7.3 Confidnece Interval Width

Final Combined Inferential Statistics: p-values and Bootstrap CIs
Estimate Std. Error Pr(>|t|) btc.ci.95 btr.ci.95
(Intercept) 4.3042 0.0838 0.0000 [ 4.06 , 4.5359 ] [ 4.1258 , 4.4649 ]
height 0.0005 0.0001 0.0000 [ 4e-04 , 7e-04 ] [ 4e-04 , 7e-04 ]
footLen 0.0003 0.0003 0.3040 [ -7e-04 , 0.0012 ] [ -3e-04 , 9e-04 ]
genderFemale -0.0057 0.0091 0.5287 [ -0.0285 , 0.0176 ] [ -0.0219 , 0.0122 ]
width of the two bootstrap confidence intervals
btc.wd btr.wd
0.4759042 0.3390777
0.0003811 0.0002637
0.0018775 0.0012451
0.0461742 0.0341724

The confidnece interval for the bootstrap of the coefficients and of the regression model are both similar and very small but the bootstrap fo the regression model is better for prediction because the variation is smaller. Although we have found that bootstrapping isn’t really necessary for this data set because of how similar the numbers have come out to from the final log transformation model it just helps to narrow down the numbers.

8 Summary

8.1 Findings

In this statistical report we looked into variables that are closely related to hand length and how they can be used in predictive analysis. The data that we used was normally distributed but the log transformation gave us the best and most useful model and the regression bootstrap gave us the most accurate confidence interval. The model we found is below and we chose to keep all of the factors in the model. In doing bootstrapping of the coefficients and residuals we discovered that bootstrapping was unnecessary because our data was normally distributed however it did give us a valid confidence interval to work off of for the estimates.
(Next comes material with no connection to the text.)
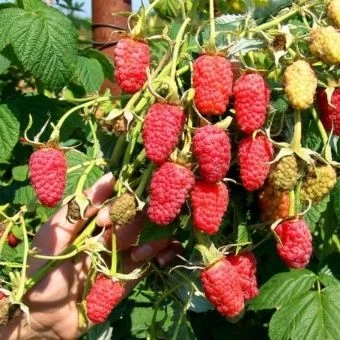 00044116_Малина Гордость России (ПОИСК)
\[ \log(handLen) =4.3042 + 0.0005\times height +0.0003\times footLen -0.0057\times genderFemale \]

8.2 Drawbacks

We ran into some issues with gender and foot length not being significant in our first assessment but after further investigation and data exploration we saw that there was absolutely a correlation even if it wasn’t strong enough to be significant.

8.3 Reccomendations for application.

I would recommend you use this model to predict hand length for males and females using their heights gender and foot lengths as valid predictors and the model shown above for the most accurate prediction.